Exercise description. Beginning with the line below that contains "Glacier Organic Sweatshirt" and ending with the line that contains "Camping tent RIDER 2 Mandarin red", retype every line exactly. Pictures are not copied.

Data shown.

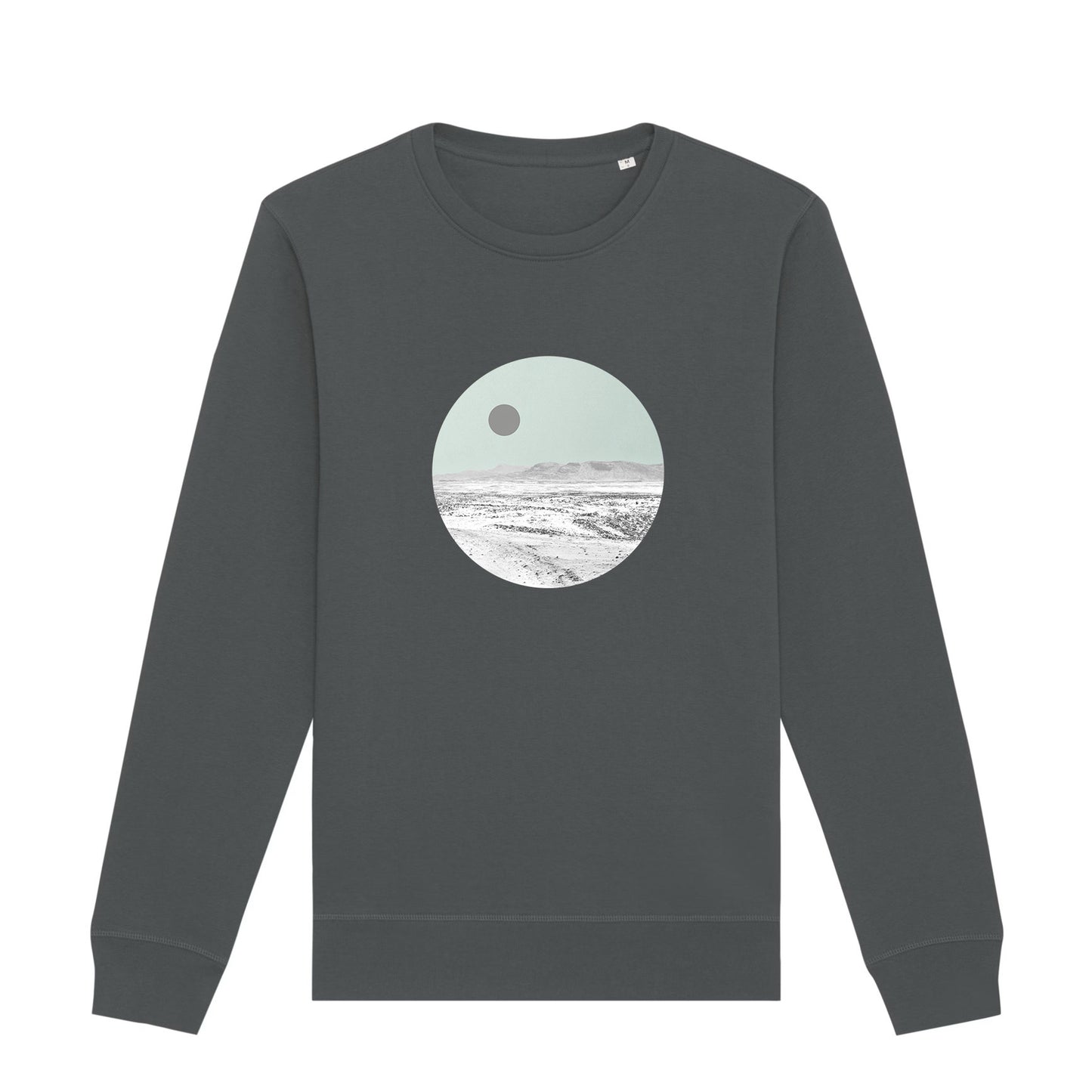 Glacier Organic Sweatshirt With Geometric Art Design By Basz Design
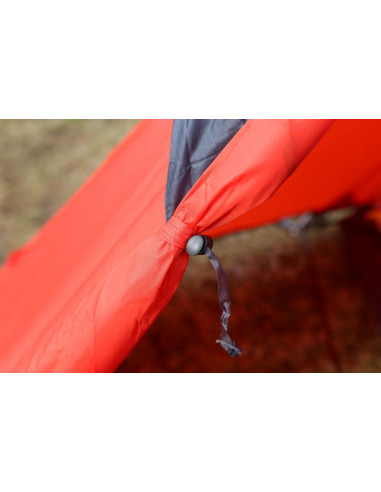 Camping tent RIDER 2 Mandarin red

--

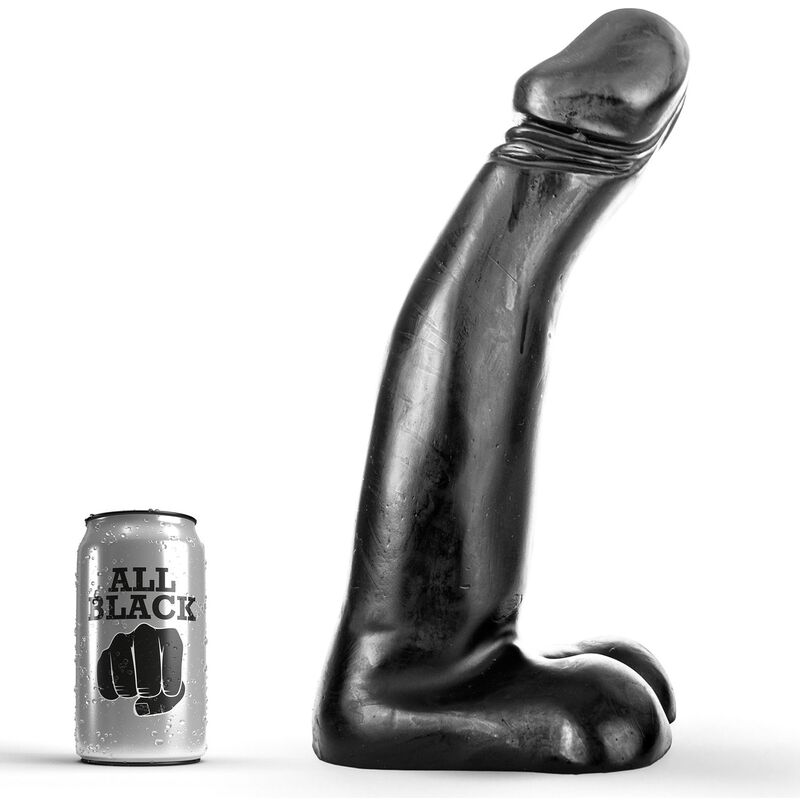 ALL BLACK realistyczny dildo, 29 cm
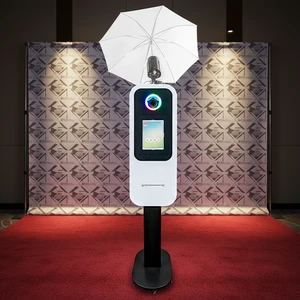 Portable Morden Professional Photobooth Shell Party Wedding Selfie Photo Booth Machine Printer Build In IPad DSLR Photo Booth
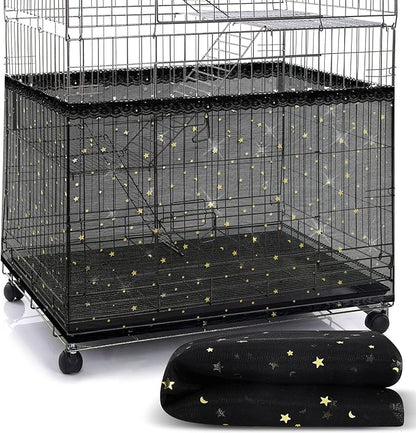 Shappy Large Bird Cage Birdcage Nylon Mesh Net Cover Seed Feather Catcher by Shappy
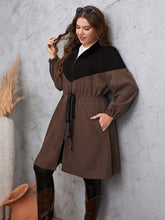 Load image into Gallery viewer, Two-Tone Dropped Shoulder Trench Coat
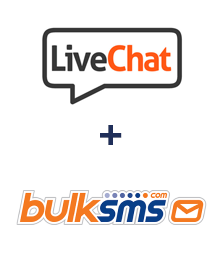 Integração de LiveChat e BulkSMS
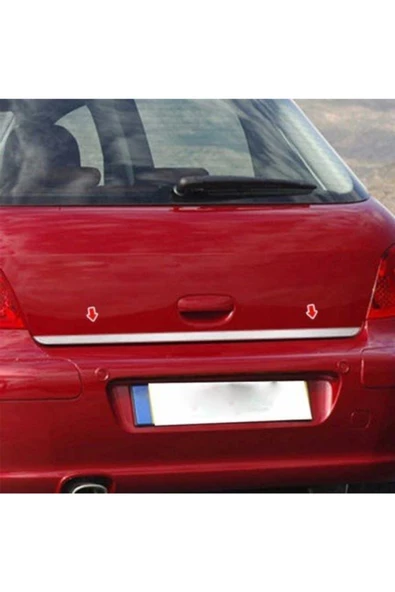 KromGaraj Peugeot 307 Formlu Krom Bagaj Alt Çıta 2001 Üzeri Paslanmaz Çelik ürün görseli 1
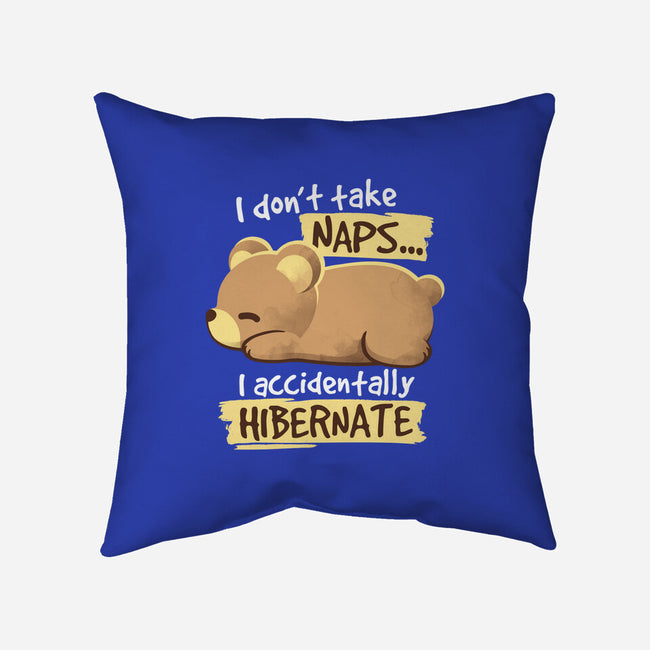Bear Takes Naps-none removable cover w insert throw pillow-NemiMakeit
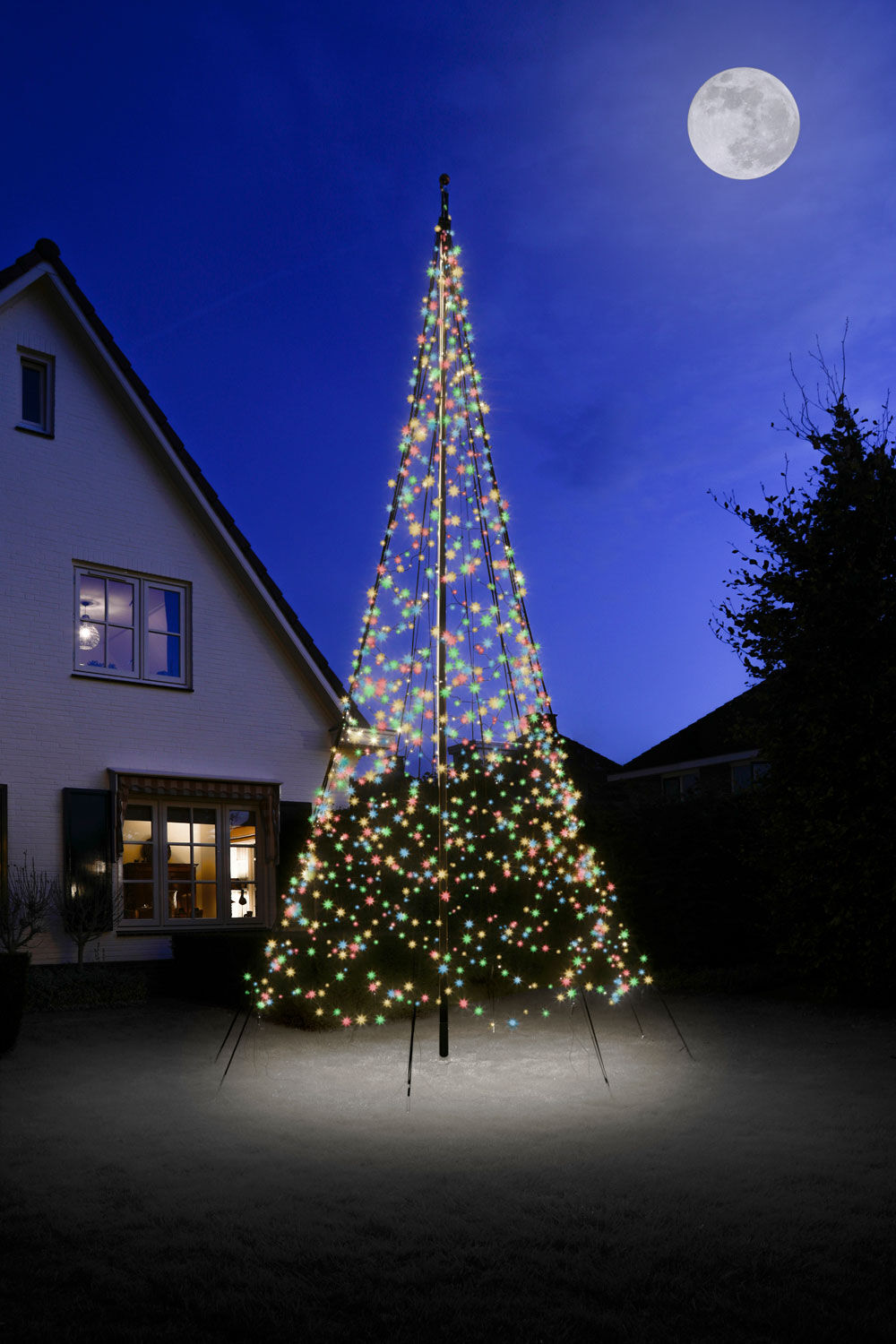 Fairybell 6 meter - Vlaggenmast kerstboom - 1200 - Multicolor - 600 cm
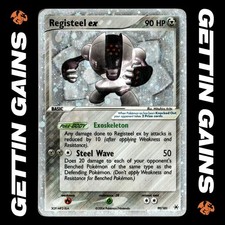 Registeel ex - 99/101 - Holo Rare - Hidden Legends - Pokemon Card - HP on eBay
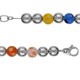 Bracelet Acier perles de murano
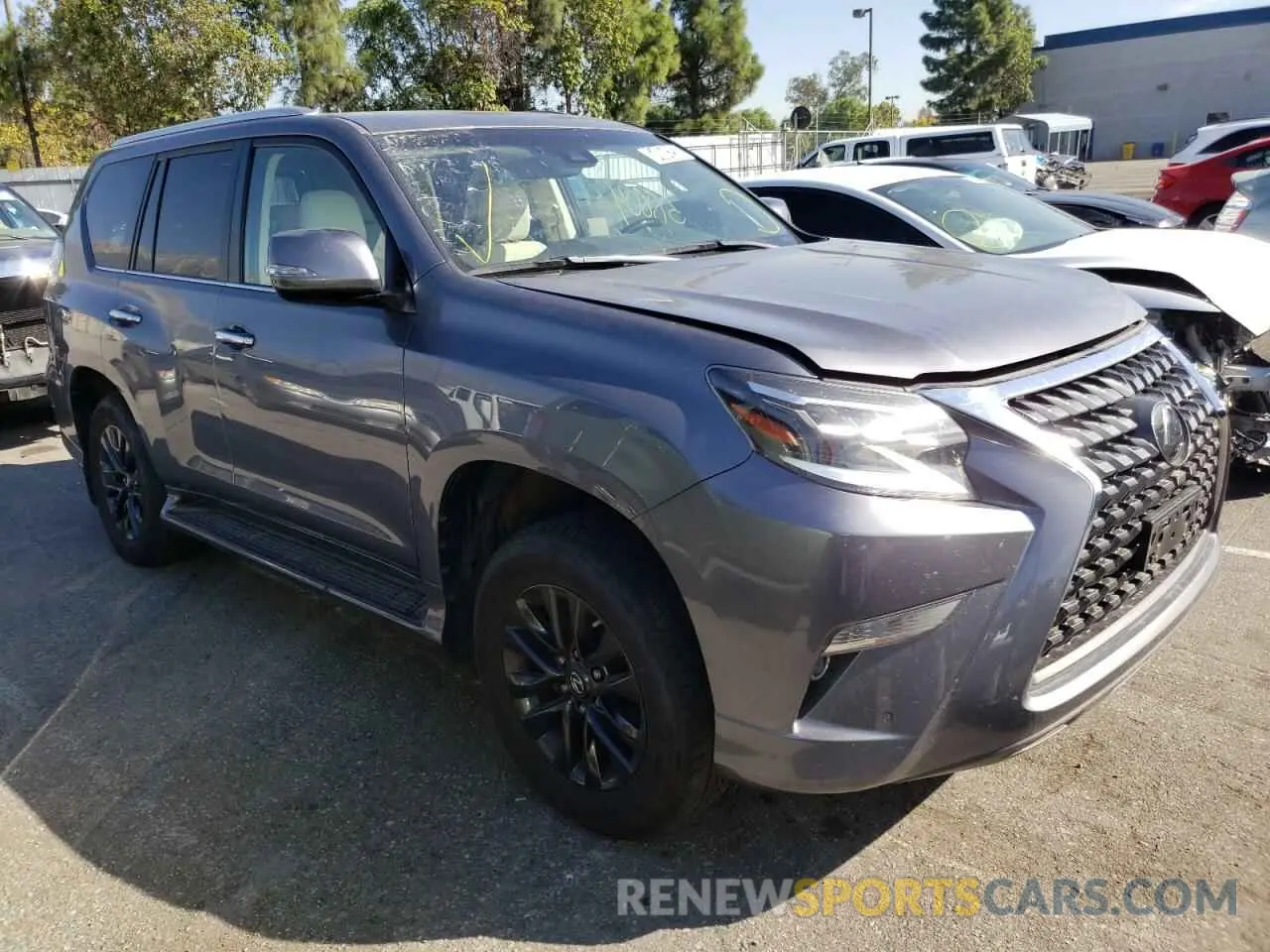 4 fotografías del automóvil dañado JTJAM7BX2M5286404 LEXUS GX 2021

Output of the exercise.
 Glacier Organic Sweatshirt With Geometric Art Design By Basz Design
 Camping tent RIDER 2 Mandarin red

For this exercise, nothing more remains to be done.